■ **EXERCISE AIM**
Please write out all the data that follows exactly, without the pictures.

■ **INFORMATION SUPPLIED**
====

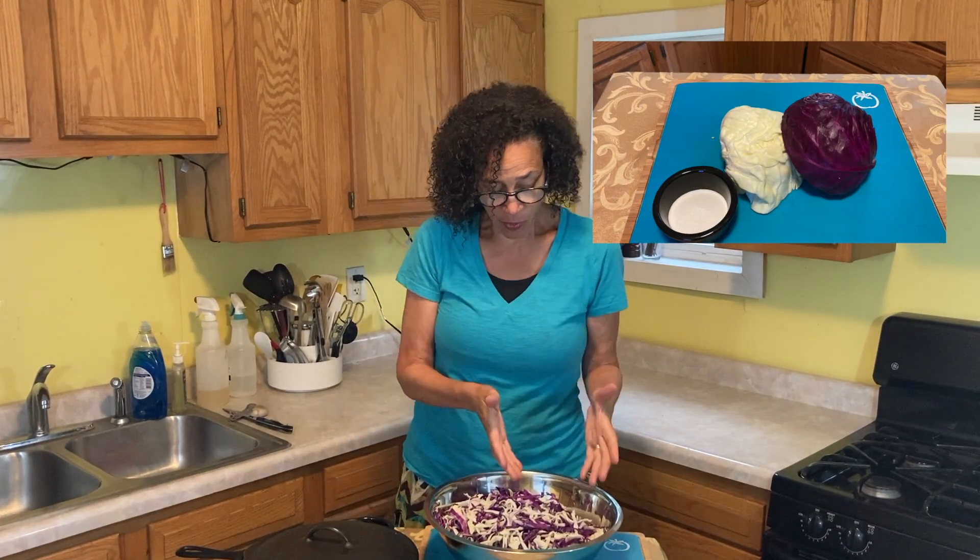Here's what you need: half a white cabbage, half a red cabbage, a plate and a weight. Today I'm using a white dinner plate and a cast iron pan. You'll also need two to three tablespoons of sea salt, Himalayan salt, or kosher salt — today we're using a fine sea salt.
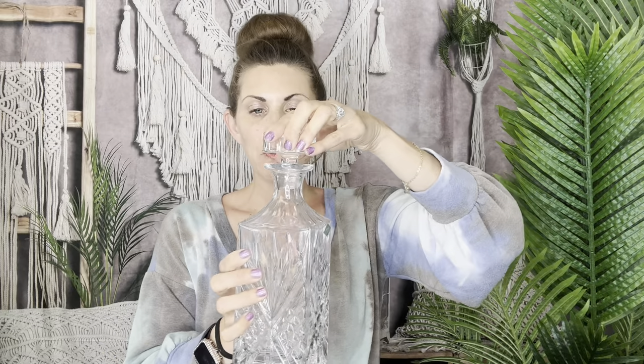This is going to last a long time. It can be a family heirloom. You can fill it with whiskey, or you can also just have it be a decorative container on your bar area. Absolutely gorgeous and I think you're going to like it.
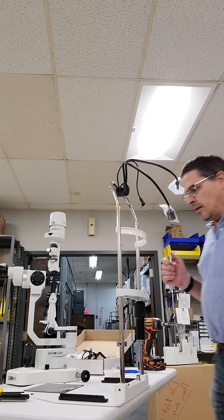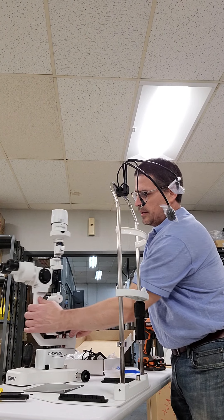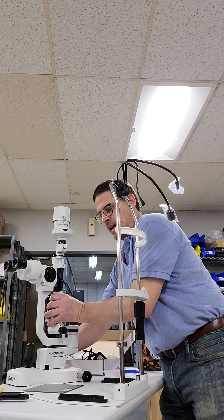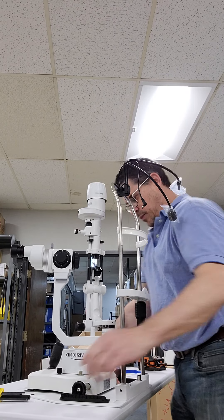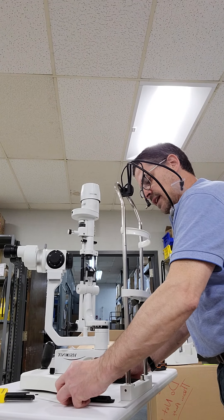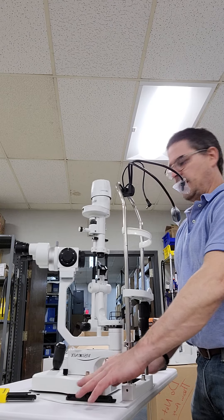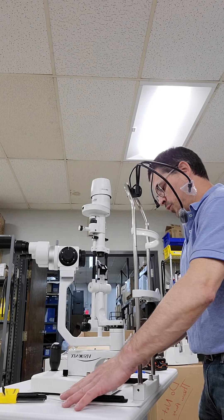Next we have how to mount the actual slit lamp itself. The tower, the eyepieces, and the base are all shipped together in the box. You're going to take that, lift it, and place it on the guide rails. You have to make sure those guide rails are on each side so it's not crooked when it's running down the track — nice and smooth.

====

■ **THE COMPLETED TASK**
Here's what you need: half a white cabbage, half a red cabbage, a plate and a weight. Today I'm using a white dinner plate and a cast iron pan. You'll also need two to three tablespoons of sea salt, Himalayan salt, or kosher salt — today we're using a fine sea salt.
This is going to last a long time. It can be a family heirloom. You can fill it with whiskey, or you can also just have it be a decorative container on your bar area. Absolutely gorgeous and I think you're going to like it.
Next we have how to mount the actual slit lamp itself. The tower, the eyepieces, and the base are all shipped together in the box. You're going to take that, lift it, and place it on the guide rails. You have to make sure those guide rails are on each side so it's not crooked when it's running down the track — nice and smooth.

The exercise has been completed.